The Packard Trail is a 2-mile trail network designed to support year round activities such as hiking, running, snowshoeing, mountain biking, and wildlife observation. The trail loop rests within approximately 150 acres of the 1,236-acre Virgil Parris Forest property and uses a forested area situated along and above the western shore of the undeveloped and protected 49-acre South Pond. The route is punctuated by innumerable scenic features including views of the pond, several marshes, and North Hill, as well as a dozen or so significant glacial erratics, and small waterfalls along two prominent streams. The trail network offers five short side trails to various scenic points including an historic family cemetery. A 0.5-mile outer loop trail departs the main loop at its southern end offering access to a waterfall on the South Pond outlet and birdwatching in the marsh.
The 2-mile loop trail has a mechanically prepared tread surface with a width of about four feet, which allows two people to walk abreast. The overall grades of the trail are kept to a minimum, offering gently rolling hills that are suitable for the very young as well as the elderly. The trail begins at the parking area, and after 100 feet, forks to the north and south. Following the trail to the north, it winds past several stone foundations, and a short side trail to the right leads to Packard Cemetery. The loop trail continues by skirting below the cemetery and in about a quarter of a mile, a very short spur trail will lead to view the first of two significant streams. The main trail turns away from the stream, and passes over the top of a rocky knoll to begin a series of switchback turns. At the bottom of the hill, another spur trail on the left leads to a scenic waterfall bordered by low cliff bands.
The trail continues along the stream, and as the land begins to gradually form into a small esker, red and white pines become the predominant forest.
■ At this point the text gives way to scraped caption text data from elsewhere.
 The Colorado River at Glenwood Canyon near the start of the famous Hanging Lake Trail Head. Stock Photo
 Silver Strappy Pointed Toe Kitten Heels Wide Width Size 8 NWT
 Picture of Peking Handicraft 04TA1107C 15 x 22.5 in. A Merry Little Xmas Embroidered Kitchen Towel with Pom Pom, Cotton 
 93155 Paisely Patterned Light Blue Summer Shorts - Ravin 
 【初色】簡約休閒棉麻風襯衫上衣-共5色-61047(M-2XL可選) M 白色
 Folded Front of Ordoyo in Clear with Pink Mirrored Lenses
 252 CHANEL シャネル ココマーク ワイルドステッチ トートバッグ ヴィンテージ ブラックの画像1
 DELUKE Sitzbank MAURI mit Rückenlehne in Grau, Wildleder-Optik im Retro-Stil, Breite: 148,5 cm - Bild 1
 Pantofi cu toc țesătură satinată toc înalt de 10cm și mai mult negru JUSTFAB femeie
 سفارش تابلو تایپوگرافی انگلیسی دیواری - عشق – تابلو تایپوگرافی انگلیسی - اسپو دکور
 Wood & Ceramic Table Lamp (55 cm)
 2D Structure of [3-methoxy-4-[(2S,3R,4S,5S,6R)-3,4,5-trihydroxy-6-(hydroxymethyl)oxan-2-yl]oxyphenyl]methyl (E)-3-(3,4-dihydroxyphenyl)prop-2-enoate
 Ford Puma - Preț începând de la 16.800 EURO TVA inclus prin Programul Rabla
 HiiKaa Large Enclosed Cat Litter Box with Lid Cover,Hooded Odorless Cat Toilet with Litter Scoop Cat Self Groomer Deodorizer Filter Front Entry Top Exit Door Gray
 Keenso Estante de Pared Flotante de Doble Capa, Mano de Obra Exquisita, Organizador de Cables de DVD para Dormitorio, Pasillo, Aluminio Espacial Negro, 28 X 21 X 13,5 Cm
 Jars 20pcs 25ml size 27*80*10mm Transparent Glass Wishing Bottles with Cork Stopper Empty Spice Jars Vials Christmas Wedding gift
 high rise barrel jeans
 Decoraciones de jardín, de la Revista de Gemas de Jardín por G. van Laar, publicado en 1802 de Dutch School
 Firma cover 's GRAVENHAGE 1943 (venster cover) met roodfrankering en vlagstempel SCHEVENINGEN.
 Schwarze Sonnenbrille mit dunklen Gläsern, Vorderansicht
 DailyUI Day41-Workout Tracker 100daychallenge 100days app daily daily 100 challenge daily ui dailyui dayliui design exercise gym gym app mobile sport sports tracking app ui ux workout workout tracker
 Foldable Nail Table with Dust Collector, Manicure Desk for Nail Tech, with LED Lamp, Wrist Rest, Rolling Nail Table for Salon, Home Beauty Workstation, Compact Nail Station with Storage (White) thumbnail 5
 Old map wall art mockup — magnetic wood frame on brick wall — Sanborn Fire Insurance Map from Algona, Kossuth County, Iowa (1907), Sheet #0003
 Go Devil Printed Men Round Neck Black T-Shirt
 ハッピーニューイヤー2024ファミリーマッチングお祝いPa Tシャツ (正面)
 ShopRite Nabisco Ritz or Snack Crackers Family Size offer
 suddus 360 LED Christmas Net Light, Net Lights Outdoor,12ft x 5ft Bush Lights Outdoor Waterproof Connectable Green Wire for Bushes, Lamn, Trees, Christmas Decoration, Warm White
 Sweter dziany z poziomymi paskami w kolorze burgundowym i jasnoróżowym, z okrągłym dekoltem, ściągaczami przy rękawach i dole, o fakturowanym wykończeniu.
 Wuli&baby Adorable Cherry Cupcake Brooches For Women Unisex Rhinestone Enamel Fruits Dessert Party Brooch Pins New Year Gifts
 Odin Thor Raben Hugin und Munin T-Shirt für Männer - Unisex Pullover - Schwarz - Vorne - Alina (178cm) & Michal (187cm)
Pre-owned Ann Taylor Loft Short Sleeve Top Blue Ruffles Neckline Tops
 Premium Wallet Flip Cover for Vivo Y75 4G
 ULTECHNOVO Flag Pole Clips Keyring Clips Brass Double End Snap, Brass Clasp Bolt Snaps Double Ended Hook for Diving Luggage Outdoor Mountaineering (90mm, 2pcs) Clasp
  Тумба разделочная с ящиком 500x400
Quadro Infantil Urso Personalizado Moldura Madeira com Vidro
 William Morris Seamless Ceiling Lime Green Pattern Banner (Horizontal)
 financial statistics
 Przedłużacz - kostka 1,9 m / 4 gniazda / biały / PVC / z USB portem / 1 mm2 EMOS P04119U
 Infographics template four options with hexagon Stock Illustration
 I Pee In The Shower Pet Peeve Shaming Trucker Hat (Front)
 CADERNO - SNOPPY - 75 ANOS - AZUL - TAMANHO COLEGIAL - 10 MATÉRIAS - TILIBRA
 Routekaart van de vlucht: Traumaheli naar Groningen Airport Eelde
The ridge ends on a prominent point on South Pond and offers clear views of the pond and North Hill. The trail works along and above the shore, but turns back from the pond to maintain moderate grades in descending and climbing a second esker. Here more scenic views of the pond are had. The trail again turns away from the pond, passing over a bridge on a small stream, then climbing to the largest of the three eskers. Here the red and white pine forest is open and the views of the pond are expansive. The trail dips down to follow the shoreline for a short stretch before turning and heading uphill away from the pond, over the tops of two smaller eskers.
Here, the outer loop trail leads left to the marsh and offers beautiful views and birding opportunities. The outer loop continues on to a significant waterfall on a stream bordered by impressive glacial erratics before rejoining the main loop at its southern extent. Past the first junction, the main loop trail crosses a small stream and starts a gradual climb. It winds through hardwood forests dominated by red oaks and is dotted with numerous hefty boulders. Near the high point, the outer loop trail rejoins from the left. The main trail at this junction continues gradually climbing, taking the trail user past more large boulders while winding through a maple and oak forest. The route passes over two streams and then rejoins the access trail near the parking area.
This trail passes through a property that was acquired in part with funds from the Land for Maine’s Future program. For more information about the LMF program and the places it has helped to protect, please visit the LMF webpage.
Visit Western Foothills Land Trust online for more information and a printable map or contact:Western Foothills Land Trust
The modest parking area and trailhead are located 1.2 miles south of ME-117 on the east side of the Sodom Road, which is maintained by the town in the winter.
Note: When driving east from South Paris on ME-117, after crossing over Streaked Mountain, drivers should slow down as soon as Frechette's shop is in view. The right turn onto the Sodom Road is very sharp.